= Hank Marino =

American ten-pin bowler

Enrico Salvano "Hank" Marino (November 27, 1889 - July 12, 1976) was one of the world's top ten-pin bowling champions of the 1930s, with a career that lasted half a century.

Born in Palermo, Sicily, Marino came to Chicago when he was 11 years old, and started bowling in 1912 while working as a barber. Within four years he had won his first bowling championship, the 1916 American Bowling Congress Doubles, becoming known as "the Italian Wonder of Bowling".

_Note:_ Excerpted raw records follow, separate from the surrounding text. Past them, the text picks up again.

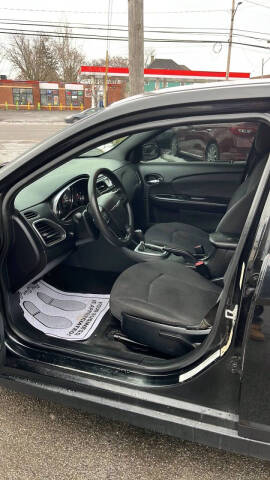 2014 Chrysler 200 LX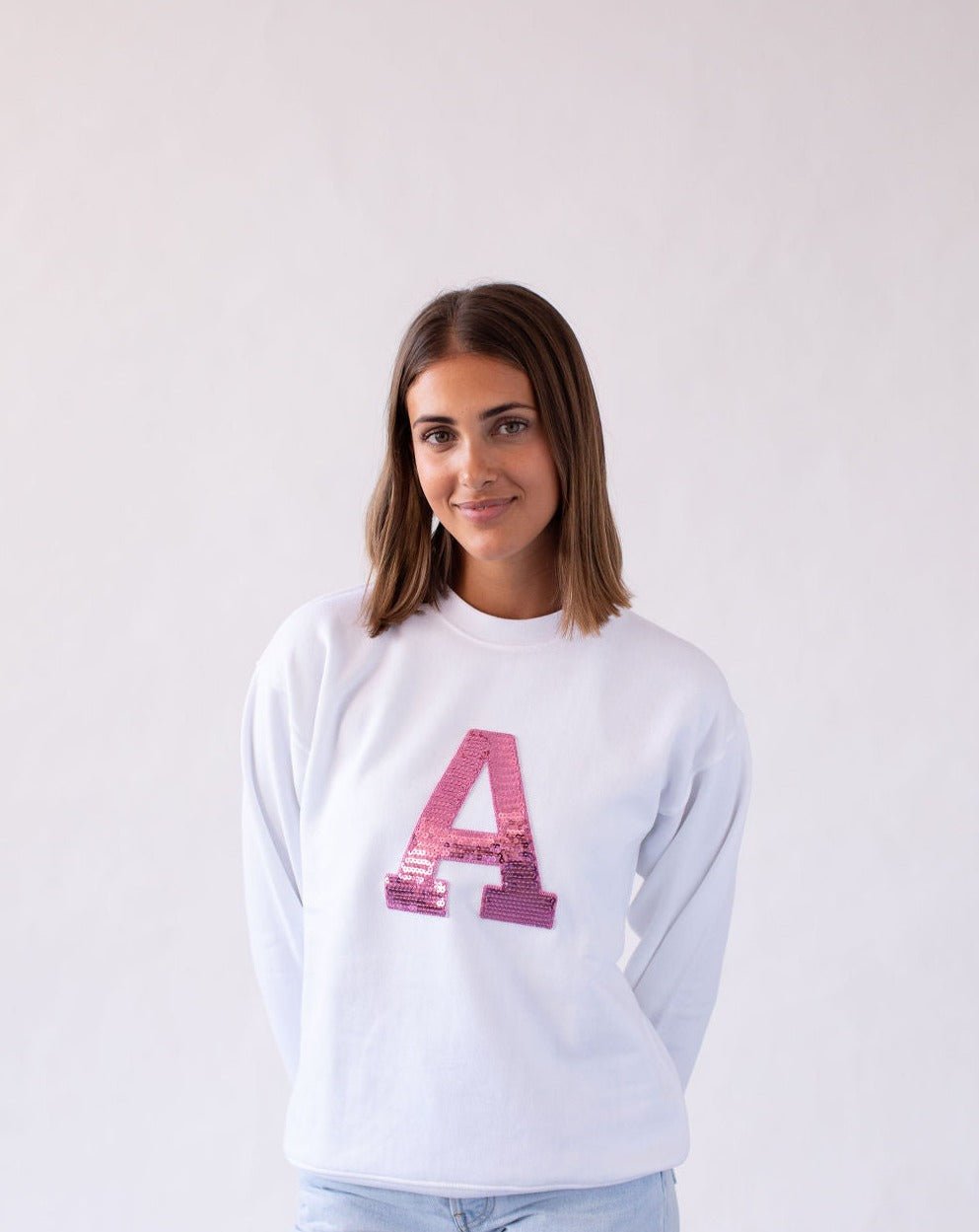 sudadera_blanca_inicial_lentejuelas_Anitials_4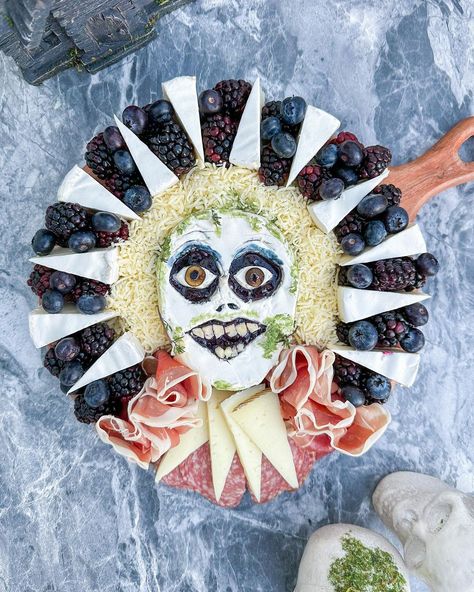 🦠BRIE-ETLEJUICE 🦠is by far the creepiest thing I’ve ever made… 👻 🧟‍♂️💀🕸️ SWIPE ➡️➡️➡️if you want to see what I used to create this/if you… | Instagram Juice Party, Halloween Juice, Halloween Party Appetizers, Halloween Breakfast, Cheap Halloween Decorations, Halloween Movie Night, Beetlejuice Halloween, Halloween Food Treats, Mexican Party Theme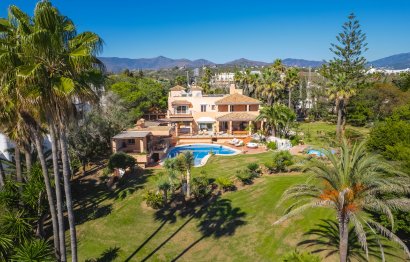 Resale - House - Detached Villa - Estepona - Estepona Centro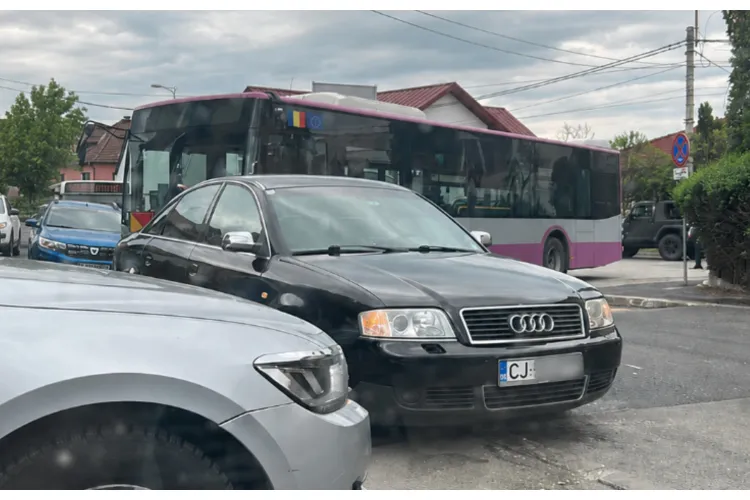 Alarmă în Borhanci! Șoferii gonesc cu viteză pe una dintre cele mai circulate străzi: „Ne este frică să mergem pe trotuar”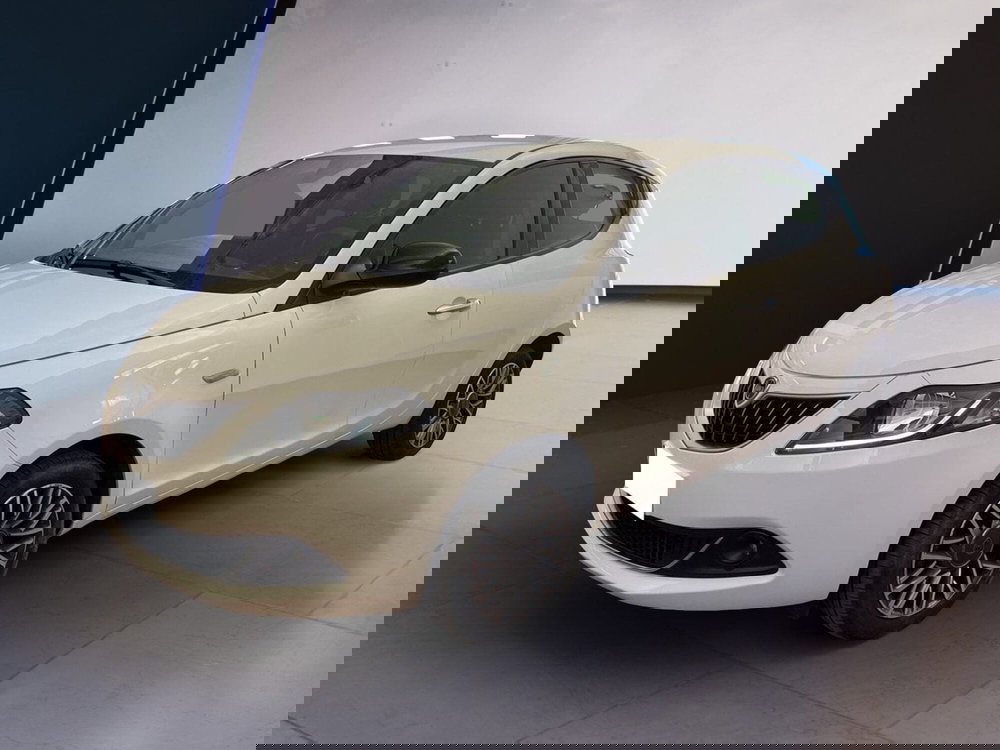 Lancia Ypsilon usata a Torino (3)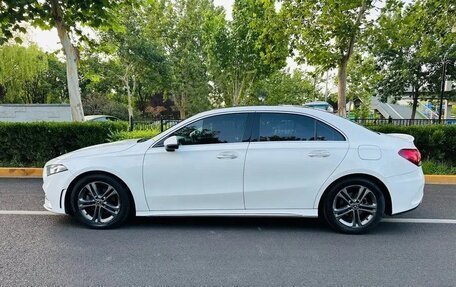 Mercedes-Benz A-Класс, 2022 год, 2 100 000 рублей, 7 фотография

In 1930 Marino moved to Milwaukee to open a bowling alley, but joined the Heil Products team and soon became a global star on the bowling circuit. On May 20, 1935 he won the BPAA national match game singles title, holding it for 2 1/2 years before surrendering it on December 19, 1937, and retiring undefeated in January 1938. Meanwhile, in 1936 he took the All Events Title at the International Bowling Association Tournament in Berlin, Germany, while his team the Milwaukee Heils (including Ned Day and Charley Daw) won the team title.

Marino was elected a charter member of the bowling Hall of the Fame in 1941, polling the largest number of votes. In 1951 a national newspaper poll named him Bowler of the Half-Century. The 1999 Bowlers Journal ranking of 20th Century bowlers rated him #4.

Marino rolled five 800 series and 11 300 games. In 1971 he received the Flowers for the Living Award and was inducted into the Wisconsin Bowling Hall of Fame in 1992. He was elected to the National Italian American Sports Hall of Fame in 1980.

Around 1941 he marketed Hank Marino's Miniature Bowling Alley.